Mitch and I were in Sweden visiting Brittany and Zach, some friends from college. Brittany took us to this gorgeous and huge park in Malmö.
Parts of the park are so forested that it's easy to forget you're in the heart of a major city. In one of these areas is a preschool, a year-round outdoor preschool. There is no building. The kids stay inside a perimeter of sticks, wear bright yellow vests so that they're visible in case they run away, and sleep on crates during nap time. It's one of the hardest preschools in the city to get your kids into. It reminds me of a child-care scheme I would have come up with when I was five and day dreaming in the woods. See these sticks? They're actually walls.
And the last bit is that I don't know how that preschool can be so hard to get your kid into. You just plunk them down on the other side of the sticks and run away.
2. Water Rocket Man
Out my window at work I saw this guy wearing water-rocket boots on Lake Michigan.

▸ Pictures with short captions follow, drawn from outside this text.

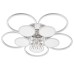 Потолочный светильник Escada 10228/10 LED*182W White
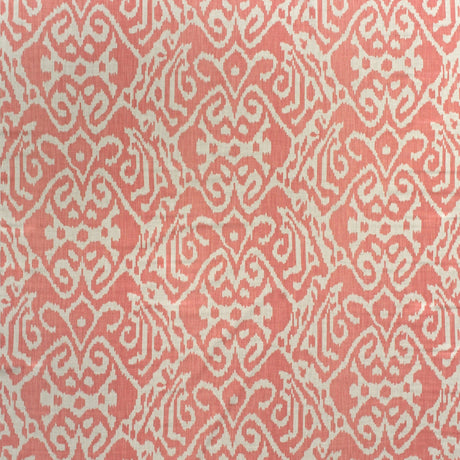 KRAVET COUTURE AM100448.7.0 OTTER CORAL Fabric - Eade's Wallpaper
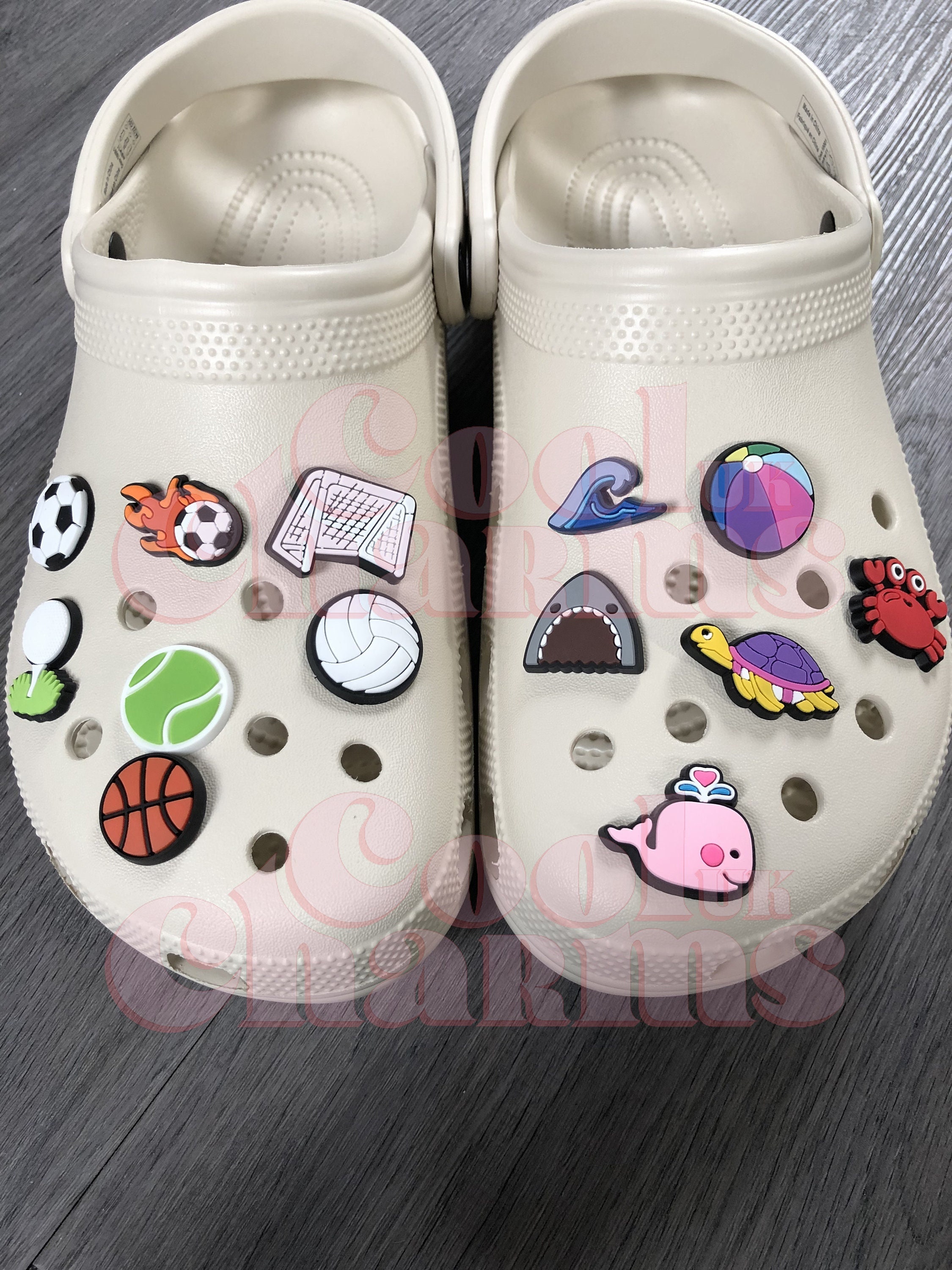 Crocs Shark Jibbitz - Accessories from Charles Clinkard UK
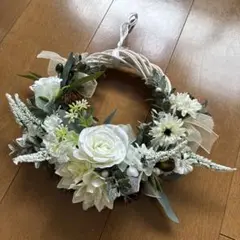 リース　ホワイト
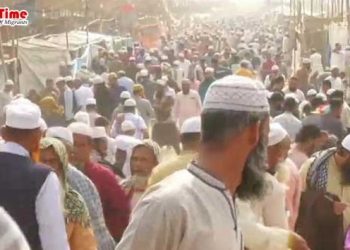 করোনার পর ফের শুরু বিশ্ব ইজতেমা: টঙ্গীর তুরাগ তীরে মুসল্লিদের ঢল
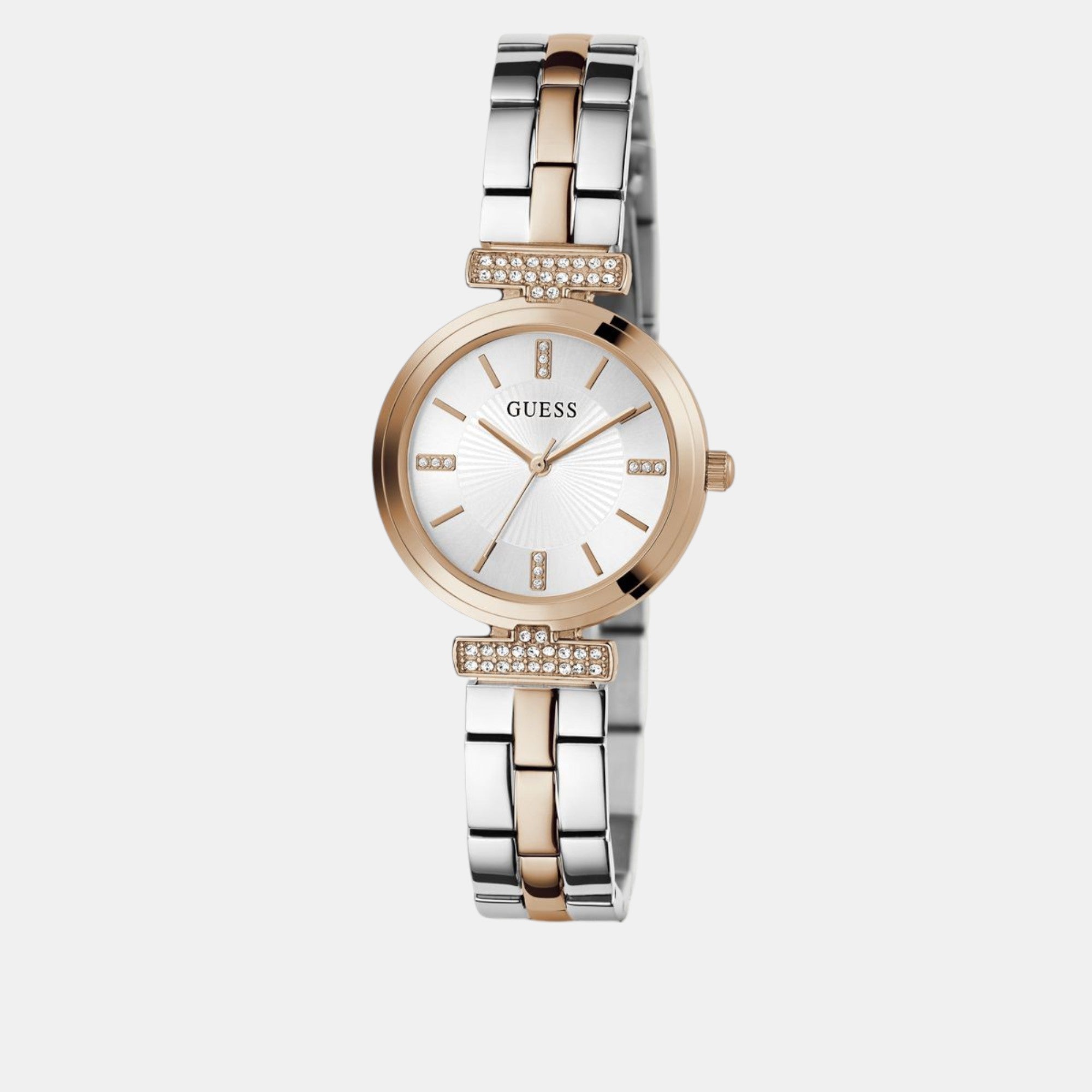 Guess Array Women Quartz Silver Dial Analog Stainless Steel Watch GW0762L4 - view 2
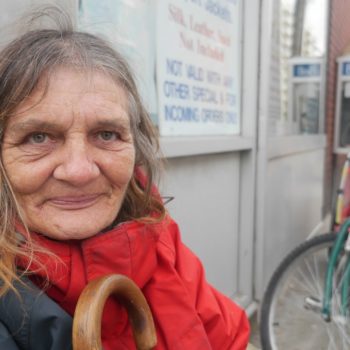 Donna was homeless in Ottawa but thanks to all of you she is now home. Click update link below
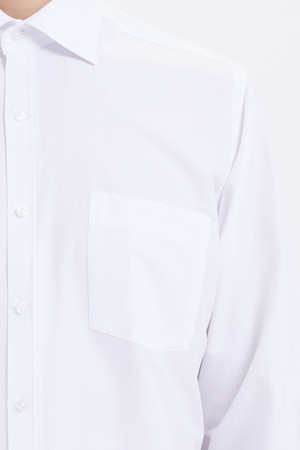Klasik Beyaz Gömlek - Thumbnail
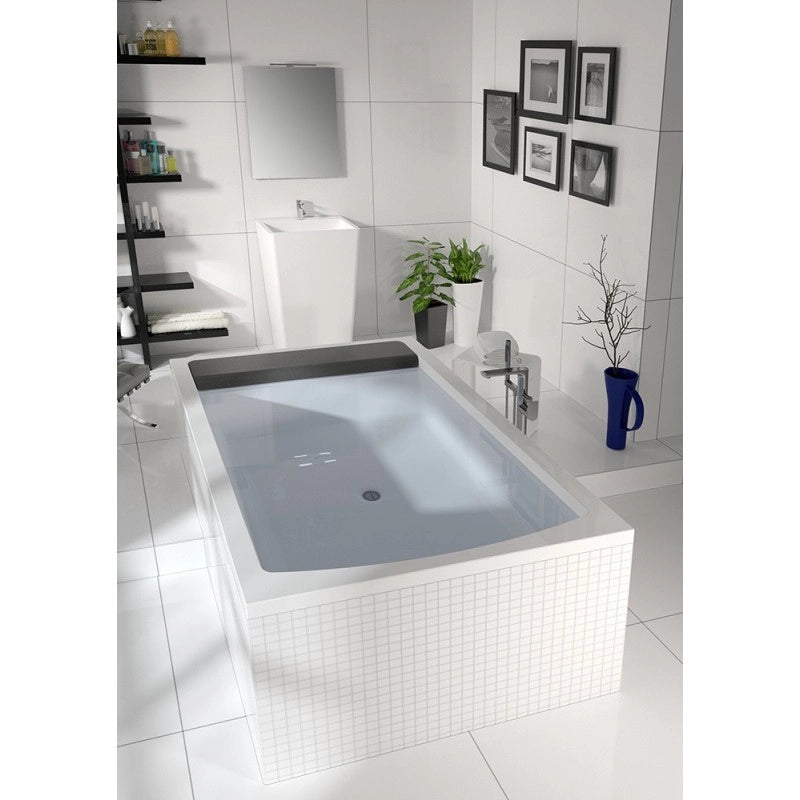 Vasca da bagno duo grande RIHO SAVONA 190x130 cm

What at first seemed to be a cool thing out my window, rapidly turned into a story about loneliness and dorkdom the more I thought about it. This guy was out there for hours (two days in a row), tooling around with his little jet ski behind him, looking down on the people hanging out with their friends on boats. At best he had a wife or girlfriend reading a book on the beach while he spent his day alone on a ten-foot water platform.
There are easier ways to get laid, man.
3. 9/11, Personal Holiday
My friend Lisa was relaying a story that her mom told her. Her mom got in trouble about explaining something... in class. I wish I could remember it. But the parents who called up to complain also don't let their second grade daughter go to school on September 11th because they're worried that she'll find out about the terrorist attacks. I asked whether the girl got December 7th off, too, or maybe April 15th in case the girl found out that Lincoln was assassinated. Not sending her to school on the anniversaries of terrible events might keep her home full time. And it'll come as a bit of a shock when the girl eventually discovers that 9/11 isn't just her special holiday.
We concluded that the upside of the story was that if the girl doesn't know about the attacks at least she'll never forget.*
*That last story comes across a bit harsher in writing than in conversation. Let me know if you think I'm being the worst.